Your job is to restate each entry word for word.

-- Opening Marker --

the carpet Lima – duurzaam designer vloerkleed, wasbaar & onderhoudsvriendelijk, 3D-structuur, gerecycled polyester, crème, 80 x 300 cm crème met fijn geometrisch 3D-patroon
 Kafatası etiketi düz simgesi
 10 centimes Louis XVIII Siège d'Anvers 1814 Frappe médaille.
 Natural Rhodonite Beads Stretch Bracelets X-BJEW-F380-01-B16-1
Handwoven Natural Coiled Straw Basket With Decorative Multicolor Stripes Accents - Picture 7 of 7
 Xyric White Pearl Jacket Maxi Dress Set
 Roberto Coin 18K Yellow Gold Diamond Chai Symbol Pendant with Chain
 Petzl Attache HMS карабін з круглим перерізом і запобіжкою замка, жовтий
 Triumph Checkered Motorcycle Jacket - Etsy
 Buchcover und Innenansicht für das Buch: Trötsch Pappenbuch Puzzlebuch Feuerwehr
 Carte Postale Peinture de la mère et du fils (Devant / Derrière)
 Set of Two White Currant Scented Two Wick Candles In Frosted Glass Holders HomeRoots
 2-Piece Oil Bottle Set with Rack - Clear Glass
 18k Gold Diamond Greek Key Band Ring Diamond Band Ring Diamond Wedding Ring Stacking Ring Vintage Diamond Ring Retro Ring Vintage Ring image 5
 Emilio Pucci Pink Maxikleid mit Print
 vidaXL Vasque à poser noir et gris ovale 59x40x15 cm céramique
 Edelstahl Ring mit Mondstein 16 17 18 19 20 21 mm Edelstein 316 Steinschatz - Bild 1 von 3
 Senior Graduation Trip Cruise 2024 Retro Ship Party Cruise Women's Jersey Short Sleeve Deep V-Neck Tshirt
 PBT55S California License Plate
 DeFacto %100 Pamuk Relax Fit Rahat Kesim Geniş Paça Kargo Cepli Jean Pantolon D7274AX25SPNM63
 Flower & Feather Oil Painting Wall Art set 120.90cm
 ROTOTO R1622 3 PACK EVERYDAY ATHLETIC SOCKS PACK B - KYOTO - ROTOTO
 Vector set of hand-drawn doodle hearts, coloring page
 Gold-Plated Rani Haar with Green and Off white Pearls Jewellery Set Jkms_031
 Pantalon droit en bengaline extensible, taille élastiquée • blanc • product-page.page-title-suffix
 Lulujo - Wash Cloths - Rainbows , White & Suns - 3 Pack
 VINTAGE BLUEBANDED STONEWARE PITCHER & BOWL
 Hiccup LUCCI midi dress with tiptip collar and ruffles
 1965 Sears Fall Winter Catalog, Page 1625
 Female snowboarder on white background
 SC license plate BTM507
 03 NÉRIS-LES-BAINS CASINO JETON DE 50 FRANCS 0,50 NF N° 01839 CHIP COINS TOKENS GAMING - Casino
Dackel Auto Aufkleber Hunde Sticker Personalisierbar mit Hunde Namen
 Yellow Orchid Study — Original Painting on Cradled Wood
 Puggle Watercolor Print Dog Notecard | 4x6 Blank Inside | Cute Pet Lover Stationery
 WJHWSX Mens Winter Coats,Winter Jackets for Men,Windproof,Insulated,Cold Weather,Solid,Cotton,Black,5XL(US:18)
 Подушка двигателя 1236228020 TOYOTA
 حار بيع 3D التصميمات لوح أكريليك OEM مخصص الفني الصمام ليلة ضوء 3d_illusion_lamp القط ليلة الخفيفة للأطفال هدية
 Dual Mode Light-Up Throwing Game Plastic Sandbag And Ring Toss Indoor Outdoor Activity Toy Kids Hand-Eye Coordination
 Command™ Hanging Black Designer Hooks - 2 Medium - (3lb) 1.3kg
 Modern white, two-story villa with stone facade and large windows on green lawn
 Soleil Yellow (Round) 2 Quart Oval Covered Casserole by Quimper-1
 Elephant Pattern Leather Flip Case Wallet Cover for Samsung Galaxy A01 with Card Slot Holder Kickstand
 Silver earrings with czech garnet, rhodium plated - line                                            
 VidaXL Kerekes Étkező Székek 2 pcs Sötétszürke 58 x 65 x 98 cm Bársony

-- Closing Marker --

## Solution to the exercise
the carpet Lima – duurzaam designer vloerkleed, wasbaar & onderhoudsvriendelijk, 3D-structuur, gerecycled polyester, crème, 80 x 300 cm crème met fijn geometrisch 3D-patroon
 Kafatası etiketi düz simgesi
 10 centimes Louis XVIII Siège d'Anvers 1814 Frappe médaille.
 Natural Rhodonite Beads Stretch Bracelets X-BJEW-F380-01-B16-1
Handwoven Natural Coiled Straw Basket With Decorative Multicolor Stripes Accents - Picture 7 of 7
 Xyric White Pearl Jacket Maxi Dress Set
 Roberto Coin 18K Yellow Gold Diamond Chai Symbol Pendant with Chain
 Petzl Attache HMS карабін з круглим перерізом і запобіжкою замка, жовтий
 Triumph Checkered Motorcycle Jacket - Etsy
 Buchcover und Innenansicht für das Buch: Trötsch Pappenbuch Puzzlebuch Feuerwehr
 Carte Postale Peinture de la mère et du fils (Devant / Derrière)
 Set of Two White Currant Scented Two Wick Candles In Frosted Glass Holders HomeRoots
 2-Piece Oil Bottle Set with Rack - Clear Glass
 18k Gold Diamond Greek Key Band Ring Diamond Band Ring Diamond Wedding Ring Stacking Ring Vintage Diamond Ring Retro Ring Vintage Ring image 5
 Emilio Pucci Pink Maxikleid mit Print
 vidaXL Vasque à poser noir et gris ovale 59x40x15 cm céramique
 Edelstahl Ring mit Mondstein 16 17 18 19 20 21 mm Edelstein 316 Steinschatz - Bild 1 von 3
 Senior Graduation Trip Cruise 2024 Retro Ship Party Cruise Women's Jersey Short Sleeve Deep V-Neck Tshirt
 PBT55S California License Plate
 DeFacto %100 Pamuk Relax Fit Rahat Kesim Geniş Paça Kargo Cepli Jean Pantolon D7274AX25SPNM63
 Flower & Feather Oil Painting Wall Art set 120.90cm
 ROTOTO R1622 3 PACK EVERYDAY ATHLETIC SOCKS PACK B - KYOTO - ROTOTO
 Vector set of hand-drawn doodle hearts, coloring page
 Gold-Plated Rani Haar with Green and Off white Pearls Jewellery Set Jkms_031
 Pantalon droit en bengaline extensible, taille élastiquée • blanc • product-page.page-title-suffix
 Lulujo - Wash Cloths - Rainbows , White & Suns - 3 Pack
 VINTAGE BLUEBANDED STONEWARE PITCHER & BOWL
 Hiccup LUCCI midi dress with tiptip collar and ruffles
 1965 Sears Fall Winter Catalog, Page 1625
 Female snowboarder on white background
 SC license plate BTM507
 03 NÉRIS-LES-BAINS CASINO JETON DE 50 FRANCS 0,50 NF N° 01839 CHIP COINS TOKENS GAMING - Casino
Dackel Auto Aufkleber Hunde Sticker Personalisierbar mit Hunde Namen
 Yellow Orchid Study — Original Painting on Cradled Wood
 Puggle Watercolor Print Dog Notecard | 4x6 Blank Inside | Cute Pet Lover Stationery
 WJHWSX Mens Winter Coats,Winter Jackets for Men,Windproof,Insulated,Cold Weather,Solid,Cotton,Black,5XL(US:18)
 Подушка двигателя 1236228020 TOYOTA
 حار بيع 3D التصميمات لوح أكريليك OEM مخصص الفني الصمام ليلة ضوء 3d_illusion_lamp القط ليلة الخفيفة للأطفال هدية
 Dual Mode Light-Up Throwing Game Plastic Sandbag And Ring Toss Indoor Outdoor Activity Toy Kids Hand-Eye Coordination
 Command™ Hanging Black Designer Hooks - 2 Medium - (3lb) 1.3kg
 Modern white, two-story villa with stone facade and large windows on green lawn
 Soleil Yellow (Round) 2 Quart Oval Covered Casserole by Quimper-1
 Elephant Pattern Leather Flip Case Wallet Cover for Samsung Galaxy A01 with Card Slot Holder Kickstand
 Silver earrings with czech garnet, rhodium plated - line                                            
 VidaXL Kerekes Étkező Székek 2 pcs Sötétszürke 58 x 65 x 98 cm Bársony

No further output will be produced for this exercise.